Было слышно, что кто-то из острых людей двадцатых годов, сочувствуя если не декабристскому делу, то помыслам, все ж не утерпел и пустил по свету каламбур: французскую, дескать, болезнь принесли из похода победители-офицеры. Хотя, снисходительно оставляя на веселой совести остроумца сам непочтенный характер французской, дурной то есть, болезни, трудно все же не возразить ему в главном. Нет. Не чужое они принесли. И не болезнь, а свое здоровье. Здоровье. Свое. Осознали, как здоровы и сильны духом и на что этот дух способен.
Чем была тогда — ну хоть для него, для Ивана Ивановича Горбачевского, — Франция? Вольтером? Монтескье? Мабли? Разумеется, так, но этих-то он читывал у себя под Нежином, в Малороссии, а сама отчизна прославленных мудрецов давала примеры незавлекательные — хотя бы самовластие Бонапарта. Нет, одолев покорителя всей Европы, победители — к несчастью, не он самолично, опоздавший родиться, но как бы и он по праву патриотической причастности — узнали свою силу, о которой даже не подозревали. Разбудили ее в себе, — и куда ж ей было устремиться, как не против отечественных порядков? Беспорядков, сказать вернее?..
А следователям и судьям хотелось увериться в чужевнушенности заговора, — ибо откуда еще взяться крамоле в столь благоустроенном государстве? Им хотелось, говоря протокольным языком Следственного комитета, изобразив силу виныподсудимых тяжкой, повинной смерти, изобразить ее в то же время и наилегчайшей, никак не заслуживающей ни особенных размышлений, ни, паче того, государственных выводов.
«Цареубийца» — с этим, с одним-единственным словом на позорной доске, повешенной палачом на грудь, отошел в вечность Сергей Муравьев-Апостол. И четверо его товарищей.
Ужасное ходит бок о бок со смешным, и Мишель Бестужев рассказывал Ивану Ивановичу, от всей души веселясь:
— Одиннадцатого декабря… Или двенадцатого?.. Не упомню в точности, но в один из тех дней, когда Николай, ходивший еще в великих князьях, уже успел получить донос от Ростовцева, был я назначен со своей ротою на главную гауптвахту в Зимний дворец.

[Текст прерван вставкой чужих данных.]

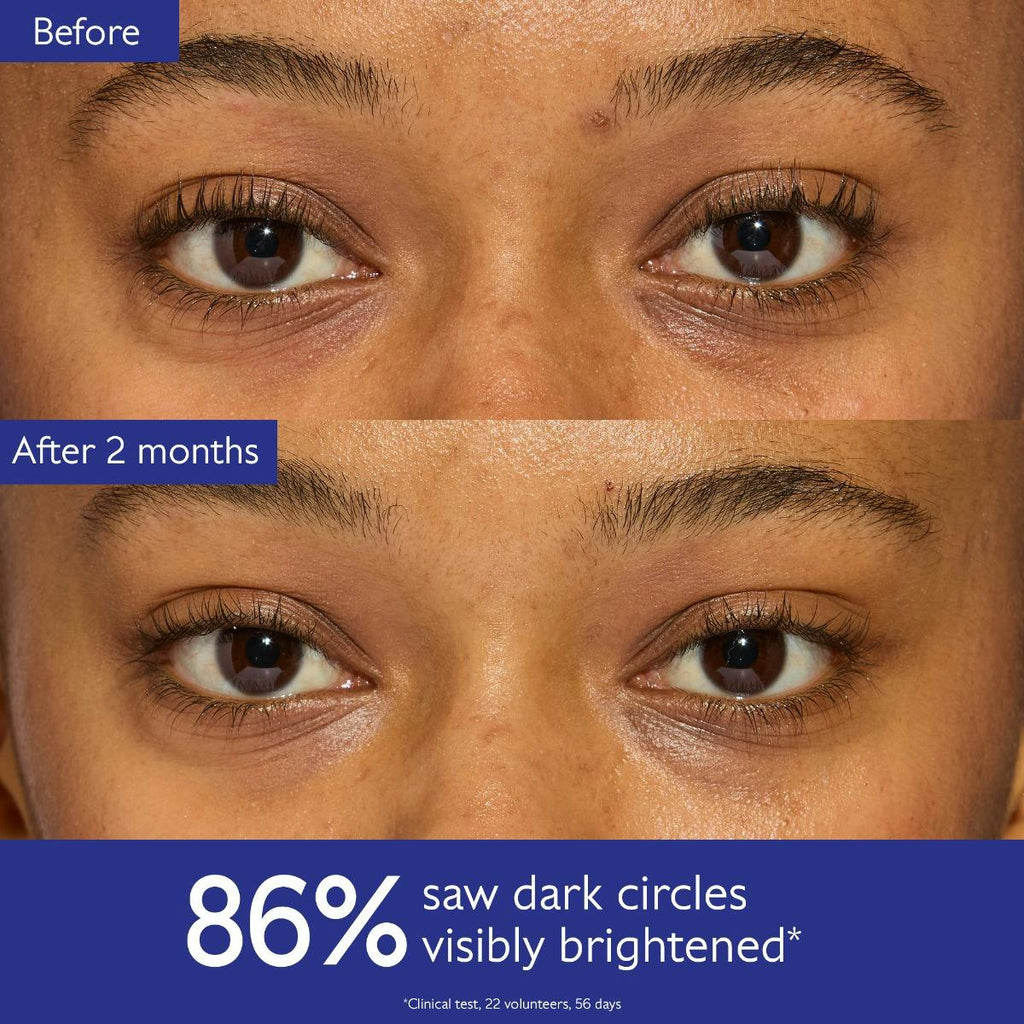 Dark Circle Brightening Eye Cream with Niacinamide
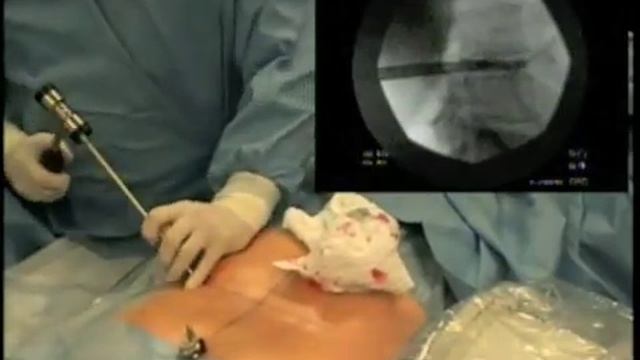 Lumbar Endoscopic Discectomy www.njspinerehab.com смотреть онлайн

При смене караульный капитан, предшественник мой, секретно передал мне секретный же приказ Николая Павловича: часовых у покоев его высочества ставить только самому капитану. Мне, то есть. Хорошо. Будет исполнено. Во втором, что ли, часу ночи прошел я с часовым к заветным дверям, а было темно, хоть глаз коли, ибо во всем коридоре одна только лампа и светилась. И вот впотьмах часовые, сменяясь, как-то сцепились ружьями. Железо — звяк, а по ночному тихому времени вышло особенно громко. Гляжу, в тот же миг полуотворяется дверь, а в ней физиономия Незабвенного: длинная, вытянутая, ни дать ни взять покойник. «Что такое? Кто тут?» — «Караульный капитан, ваше высочество!» — «А, это ты, Бестужев?» Узнал меня и успокоился будто…

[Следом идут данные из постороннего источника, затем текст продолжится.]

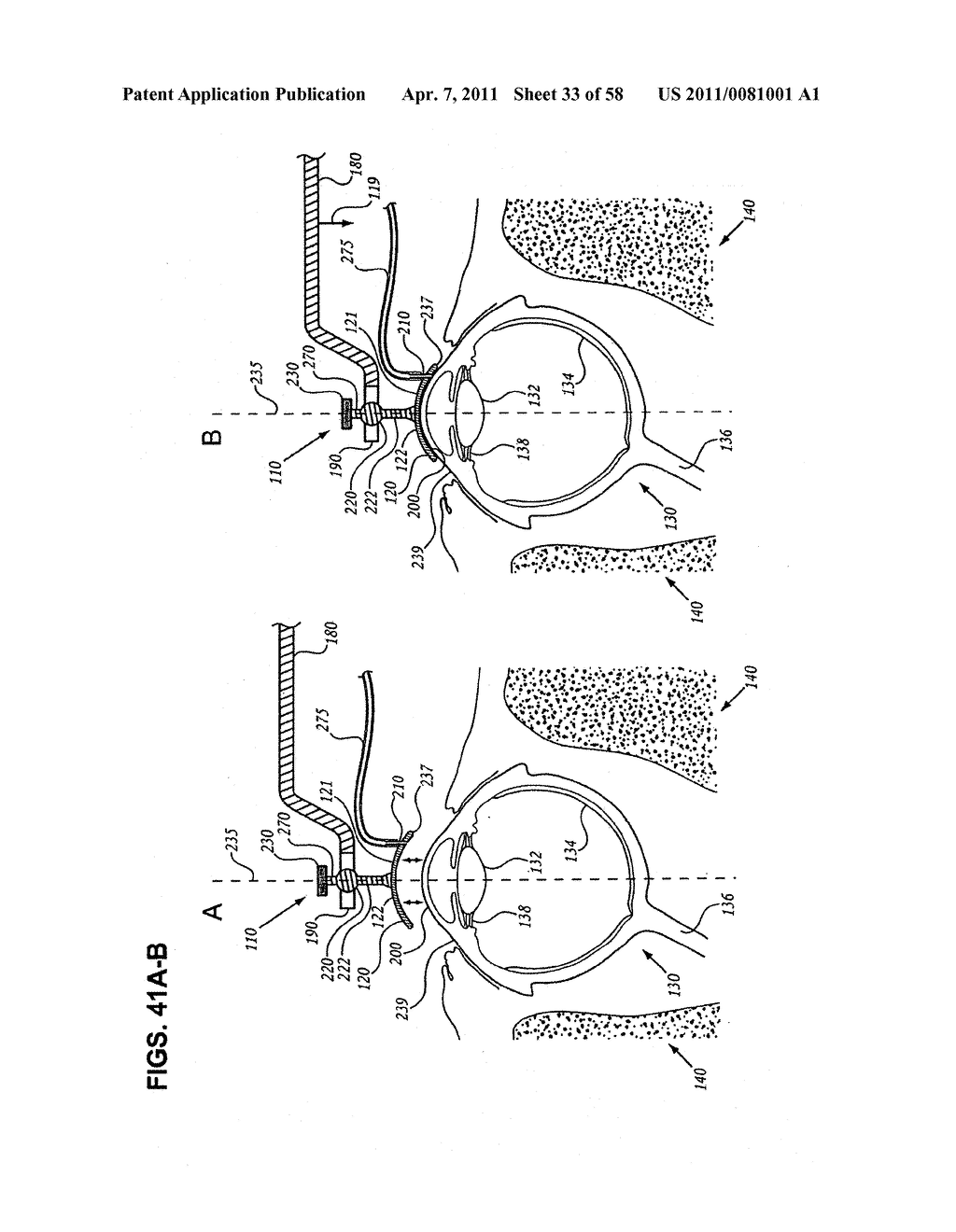 METHODS AND DEVICES FOR ORTHOVOLTAGE OCULAR RADIOTHERAPY AND TREATMENT PLANNING - diagram, schematic, and image 34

— Если б он мог предвидеть!..
— Да то-то и оно! «Что у тебя случилось?» — «Ничего, ваше высочество. Часовые при смене нечаянно скрестились ружьями». — «Больше ничего?.. Ну хорошо. Если что случится, то дай мне тотчас знать». И скрылся… Теперь вообрази, Иван, что с ним содеялось, когда увидал он меня во дворце через три дня, связанного!.,
— Воображаю…
— Сомневаюсь! По глазам его — а и взгляд же был, доложу тебе! — я сразу понял, что он вообразил себе всю тогдашнюю ночь: вот он, вот я. А что, если б тогда? У-у… (Видишь, — заговорил он Чернышеву, а сам в меня все пальцем тычет, — видишь, как молод, а уже совершенный злодей! Без него такой каши не заварилось бы!»…
— Бедняга! — рассмеялся Горбачевский, — А что бы он заговорил, узнай вдобавок, что это ты первым привел на площадь московцев!

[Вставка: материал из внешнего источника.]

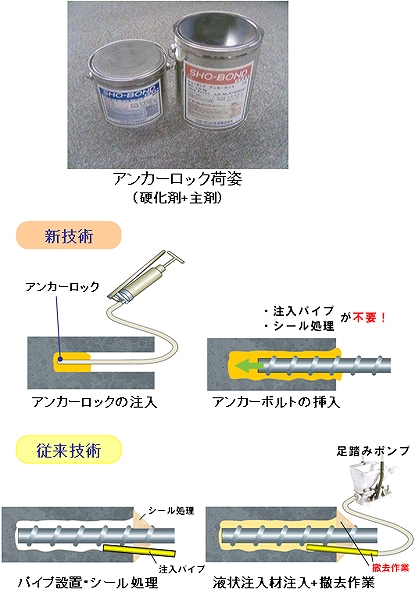 アンカーロック   (CB-110015-VE)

— Да нет! — досадливо отмахнулся Мишель. — Ты, Иван, все не туда! Экая для него была важность в ту минуту: Московский полк!.. Впрочем, Чернышев-то как раз вот вроде тебя…
— Благодарю за такое сравнение!
— Не вяжись к слову!.. Чернышев, говорю, именно с этой моею виной сунулся: «В самом деле, дескать, ваше величество, штабс-капитан может почитаться истинным зачинщиком бунта, поелику…» Но Николай все о своем, все о себе: «Нет, говорит, Александр Иванович, всего лучше то, что он меня караулил перед бунтом! Понимаешь ли? Он — меня — ка-ра-у-лил!!!»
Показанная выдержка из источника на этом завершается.